Column #110. First published in the St. Cloud Times online Sep. 2, 2016; in print Sep. 4
We’re back where we were a year ago: The board of education of the St. Cloud Area Public Schools is asking us to approve a levy referendum to build a new Technical High School and renovate Apollo High School.
Except: We’re not back where we were a year ago.
Much has happened in the meantime. Now we can expand our vision, which is no longer ensnared in a thicket of short-term concerns.
The district has addressed those concerns:
- There have been 16 listening sessions, all of which included people who voted “no” in 2015.
- A broad-based community advisory group has met with the superintendent since January.
- Subcommittees have dealt directly with specific issues arising out of the 2015 referendum — huge sticker shock (the scope has been scaled back); costs of remodeling Tech as a high school (construction experts conclude it’s unreasonable); repurposing Tech (as a district administration and welcome center); Clark Field’s future (eventually a city facility) — and making the answers clear to the public will be a major effort of the next several weeks. (Disclosure: I am on one of the strategy committees.)
Reasons for a new Tech and renovated Apollo are pretty much the same as they were a year ago, but the case is now clearer, both in its details and in its setting within the larger context of education for the 21st century.
Indeed, it is this larger context — educational outcomes for the innovation era — that is the main rationale to vote “yes” on the referendum, both parts of it — new Tech and renovated Apollo.
A speaker at Tech’s dedication on May 1, 1917, said, “Education is keeping step with the march of progress. New occasions bring new duties.” This is just as true of the new occasions in the early 21st century as it was of the occasions that were then new in the early 20th.
Knowledge in the 21st century needs to be tied directly and immediately to the solving of problems: What can you do with what you know?
Space for education is not simply a matter of square footage. Innovative projects to solve problems — this requires a different blueprint of spaces from the image of school as students sitting in rows with a teacher standing before a blackboard. That old model was engineered more than a century ago to produce a workforce for a world that no longer exists.
School buildings need to be designed for flexible and interactive and integrated learning communities.

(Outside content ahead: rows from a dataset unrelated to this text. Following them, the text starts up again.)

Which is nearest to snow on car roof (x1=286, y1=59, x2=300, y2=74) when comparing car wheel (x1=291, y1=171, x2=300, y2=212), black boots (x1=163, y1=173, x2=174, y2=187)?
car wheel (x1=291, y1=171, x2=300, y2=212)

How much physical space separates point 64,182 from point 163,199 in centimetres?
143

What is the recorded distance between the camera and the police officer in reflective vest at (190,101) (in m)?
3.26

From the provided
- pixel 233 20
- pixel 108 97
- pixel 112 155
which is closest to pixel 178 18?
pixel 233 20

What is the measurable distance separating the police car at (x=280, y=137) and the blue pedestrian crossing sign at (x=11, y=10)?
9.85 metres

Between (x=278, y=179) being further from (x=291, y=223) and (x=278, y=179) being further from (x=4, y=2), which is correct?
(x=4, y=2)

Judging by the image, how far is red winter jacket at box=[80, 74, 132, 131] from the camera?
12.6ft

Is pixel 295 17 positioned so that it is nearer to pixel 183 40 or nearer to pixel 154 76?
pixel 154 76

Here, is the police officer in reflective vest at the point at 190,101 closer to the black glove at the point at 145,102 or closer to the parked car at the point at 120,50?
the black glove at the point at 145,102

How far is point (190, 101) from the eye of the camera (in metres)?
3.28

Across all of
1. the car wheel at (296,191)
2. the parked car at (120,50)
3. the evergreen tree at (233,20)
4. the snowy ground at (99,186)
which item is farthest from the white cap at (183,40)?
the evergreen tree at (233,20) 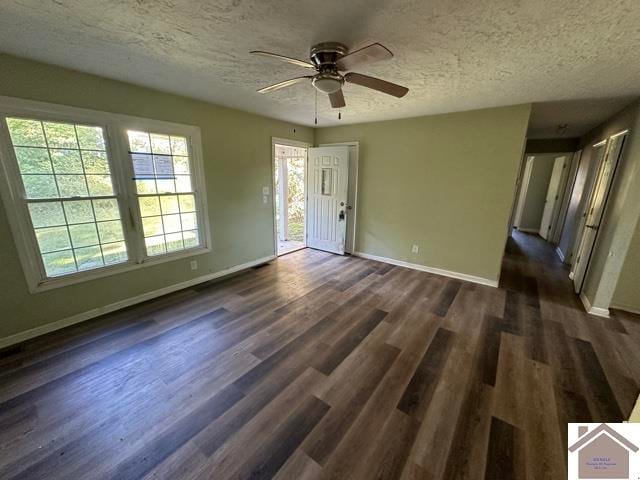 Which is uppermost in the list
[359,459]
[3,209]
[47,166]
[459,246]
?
[47,166]

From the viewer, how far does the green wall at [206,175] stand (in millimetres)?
2203

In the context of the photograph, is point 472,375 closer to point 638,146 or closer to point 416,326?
point 416,326

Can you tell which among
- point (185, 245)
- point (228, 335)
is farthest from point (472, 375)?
point (185, 245)

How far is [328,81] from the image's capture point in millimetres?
1852

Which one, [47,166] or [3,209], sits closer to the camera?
[3,209]

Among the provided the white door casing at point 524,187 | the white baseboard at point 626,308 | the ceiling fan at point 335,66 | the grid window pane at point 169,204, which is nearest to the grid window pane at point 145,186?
the grid window pane at point 169,204

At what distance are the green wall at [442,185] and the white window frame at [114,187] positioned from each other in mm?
2770

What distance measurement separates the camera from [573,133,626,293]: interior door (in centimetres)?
307

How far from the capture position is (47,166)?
7.55 ft

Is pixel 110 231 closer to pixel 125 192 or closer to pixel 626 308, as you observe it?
pixel 125 192

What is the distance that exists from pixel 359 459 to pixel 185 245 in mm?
3172

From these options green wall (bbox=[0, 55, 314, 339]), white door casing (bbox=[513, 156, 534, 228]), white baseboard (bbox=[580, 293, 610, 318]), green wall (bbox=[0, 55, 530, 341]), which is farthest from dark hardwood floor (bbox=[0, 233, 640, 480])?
white door casing (bbox=[513, 156, 534, 228])

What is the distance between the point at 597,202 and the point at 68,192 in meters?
6.34

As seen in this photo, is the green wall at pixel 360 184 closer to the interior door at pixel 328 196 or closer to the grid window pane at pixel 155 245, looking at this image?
the grid window pane at pixel 155 245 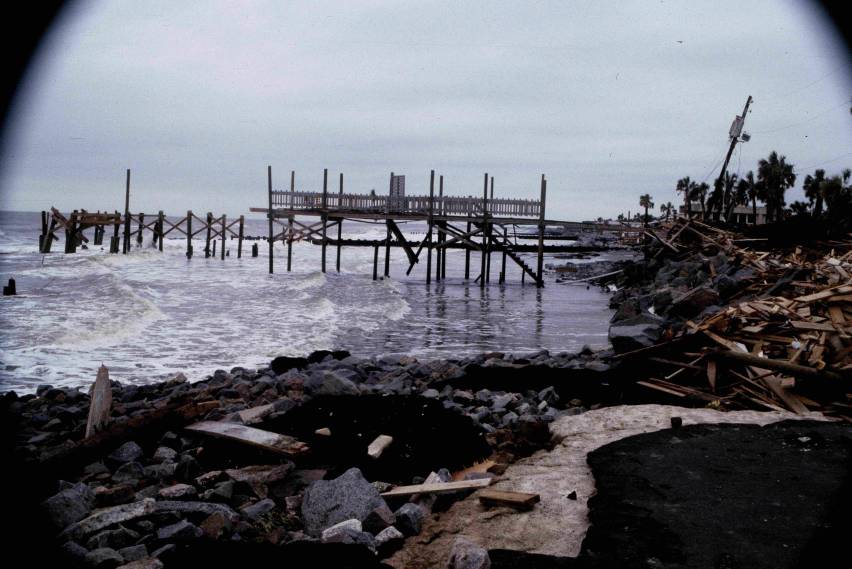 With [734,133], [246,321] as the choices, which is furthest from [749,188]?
[246,321]

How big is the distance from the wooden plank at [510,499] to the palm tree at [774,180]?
58.2 m

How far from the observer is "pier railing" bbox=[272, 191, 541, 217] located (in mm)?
28656

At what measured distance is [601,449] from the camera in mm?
4820

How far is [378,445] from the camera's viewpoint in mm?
5234

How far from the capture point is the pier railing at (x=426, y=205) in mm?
28656

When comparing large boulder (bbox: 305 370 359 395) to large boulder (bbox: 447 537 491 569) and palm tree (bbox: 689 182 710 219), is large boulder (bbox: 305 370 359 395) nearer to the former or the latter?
large boulder (bbox: 447 537 491 569)

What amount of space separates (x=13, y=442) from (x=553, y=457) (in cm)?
497

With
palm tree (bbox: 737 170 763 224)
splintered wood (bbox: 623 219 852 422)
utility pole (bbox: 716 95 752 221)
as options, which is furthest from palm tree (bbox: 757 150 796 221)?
splintered wood (bbox: 623 219 852 422)

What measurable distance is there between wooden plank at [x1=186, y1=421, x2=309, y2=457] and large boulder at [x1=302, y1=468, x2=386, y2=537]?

This provides an environment where skills that matter these days for work, learning, and citizenship — including the motivation to ask new questions and to persevere in the search for applicable answers — can flourish.
We remember with gratitude our ancestors who voted for — and paid for — Tech High School.
Those of us today...
- who understand that school buildings must accommodate — and even reflect — an education that prepares students with the knowledge, skills, and attitudes for the world of today and tomorrow;
- who, even if they no longer have (or maybe never had) children in the district’s schools, nevertheless get the point of the ancient Greek proverb, “Society grows great when people plant trees whose shade they know they shall never sit in;”
- who — citizens and business owners — had reservations last year but have been won over by the district’s careful address to their questions;
- who imagine the gratitude of students and parents and employers and the whole community ten and 25 and 50 and 100 years from now for our bold and visionary action, and who want to be remembered that way —
To you I want to say this: “Decisions are made by those who show up.” This statement is demonstrably true, whether initially uttered by Benjamin Franklin or Harry Truman or Woody Allen. (It has been attributed to them and several others.)
In this case, the decision to move ahead with a project that has been talked about for at least two decades will happen if — and only if — those who vote “yes” Nov. 8 (or sooner by absentee, starting Sept. 23) are in the majority.
There are many reasons to vote this year. Whether it’s the most important election of our lifetimes — maybe it is, maybe it isn’t. The claim has likely been made for every election since 1789. But 2016 is undoubtedly important, and not just because what happens nationally will determine the future course of our country.
The ripple effect of the decision on the school district referendum will extend well beyond our lifetimes. Please join me in showing up to make sure the decision is “yes” on both counts — for a new Tech and a renovated Apollo — a decision we can be proud of, one for which we will be gratefully remembered.